::: Extracted information
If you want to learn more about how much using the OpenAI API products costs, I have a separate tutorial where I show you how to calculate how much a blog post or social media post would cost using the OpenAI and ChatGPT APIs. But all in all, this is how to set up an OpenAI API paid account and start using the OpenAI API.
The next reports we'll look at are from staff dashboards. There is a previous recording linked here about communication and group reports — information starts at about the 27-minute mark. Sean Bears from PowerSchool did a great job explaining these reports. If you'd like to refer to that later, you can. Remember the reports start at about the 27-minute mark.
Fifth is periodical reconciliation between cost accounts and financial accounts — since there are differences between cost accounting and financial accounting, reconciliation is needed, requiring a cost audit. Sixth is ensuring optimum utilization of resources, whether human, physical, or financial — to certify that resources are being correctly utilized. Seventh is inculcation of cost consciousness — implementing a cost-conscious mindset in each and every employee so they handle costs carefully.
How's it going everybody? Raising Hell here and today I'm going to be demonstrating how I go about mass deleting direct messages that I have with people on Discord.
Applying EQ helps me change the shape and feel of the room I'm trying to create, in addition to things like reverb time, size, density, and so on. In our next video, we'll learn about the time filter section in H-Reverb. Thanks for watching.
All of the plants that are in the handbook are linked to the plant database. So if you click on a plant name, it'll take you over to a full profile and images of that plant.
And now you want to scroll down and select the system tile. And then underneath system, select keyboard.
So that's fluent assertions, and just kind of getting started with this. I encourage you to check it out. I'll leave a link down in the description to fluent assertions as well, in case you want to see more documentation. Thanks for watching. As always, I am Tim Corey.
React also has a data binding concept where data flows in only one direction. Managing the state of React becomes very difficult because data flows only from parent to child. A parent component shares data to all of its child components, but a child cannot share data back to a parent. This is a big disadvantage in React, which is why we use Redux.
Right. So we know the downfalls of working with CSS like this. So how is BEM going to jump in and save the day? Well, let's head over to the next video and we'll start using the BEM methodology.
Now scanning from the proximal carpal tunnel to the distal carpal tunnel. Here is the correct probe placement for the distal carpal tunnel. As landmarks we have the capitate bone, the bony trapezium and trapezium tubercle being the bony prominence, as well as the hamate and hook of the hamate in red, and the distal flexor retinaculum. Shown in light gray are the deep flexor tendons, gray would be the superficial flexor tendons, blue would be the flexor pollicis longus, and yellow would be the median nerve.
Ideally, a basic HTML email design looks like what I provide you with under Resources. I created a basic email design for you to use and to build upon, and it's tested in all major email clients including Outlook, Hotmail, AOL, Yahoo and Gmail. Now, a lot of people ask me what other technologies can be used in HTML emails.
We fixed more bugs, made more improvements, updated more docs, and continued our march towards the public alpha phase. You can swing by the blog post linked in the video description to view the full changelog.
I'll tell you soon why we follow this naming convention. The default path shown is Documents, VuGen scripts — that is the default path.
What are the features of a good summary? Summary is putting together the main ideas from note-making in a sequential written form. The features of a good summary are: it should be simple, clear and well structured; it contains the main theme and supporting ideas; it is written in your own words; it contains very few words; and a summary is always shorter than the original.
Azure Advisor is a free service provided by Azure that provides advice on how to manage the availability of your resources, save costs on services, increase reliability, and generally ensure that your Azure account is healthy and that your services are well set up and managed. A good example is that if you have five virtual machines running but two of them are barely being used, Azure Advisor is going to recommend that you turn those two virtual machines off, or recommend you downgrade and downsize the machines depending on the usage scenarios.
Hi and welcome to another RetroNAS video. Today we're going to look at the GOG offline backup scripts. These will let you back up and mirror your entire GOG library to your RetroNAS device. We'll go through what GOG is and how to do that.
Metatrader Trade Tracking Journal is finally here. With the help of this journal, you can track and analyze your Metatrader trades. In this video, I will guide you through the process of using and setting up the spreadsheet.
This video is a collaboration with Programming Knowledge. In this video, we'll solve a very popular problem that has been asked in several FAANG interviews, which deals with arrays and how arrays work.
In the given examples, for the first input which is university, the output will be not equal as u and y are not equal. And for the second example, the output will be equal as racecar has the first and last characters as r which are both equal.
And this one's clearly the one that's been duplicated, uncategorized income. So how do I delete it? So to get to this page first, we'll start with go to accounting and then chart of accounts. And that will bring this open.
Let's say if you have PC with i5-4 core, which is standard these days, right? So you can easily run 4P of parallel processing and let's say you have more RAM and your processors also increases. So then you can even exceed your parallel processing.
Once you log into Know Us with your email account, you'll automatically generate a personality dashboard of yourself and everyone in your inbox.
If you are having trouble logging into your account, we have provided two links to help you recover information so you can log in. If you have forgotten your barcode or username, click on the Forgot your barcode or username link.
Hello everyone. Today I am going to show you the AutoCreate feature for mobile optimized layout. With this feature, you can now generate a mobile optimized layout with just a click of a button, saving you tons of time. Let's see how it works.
::::::
__Your objective__. I'd like the lines above from the one with "All of the plants" up to and including the one with "And now you" copied exactly, with no other lines.

__Finished task__.
All of the plants that are in the handbook are linked to the plant database. So if you click on a plant name, it'll take you over to a full profile and images of that plant.
And now you want to scroll down and select the system tile. And then underneath system, select keyboard.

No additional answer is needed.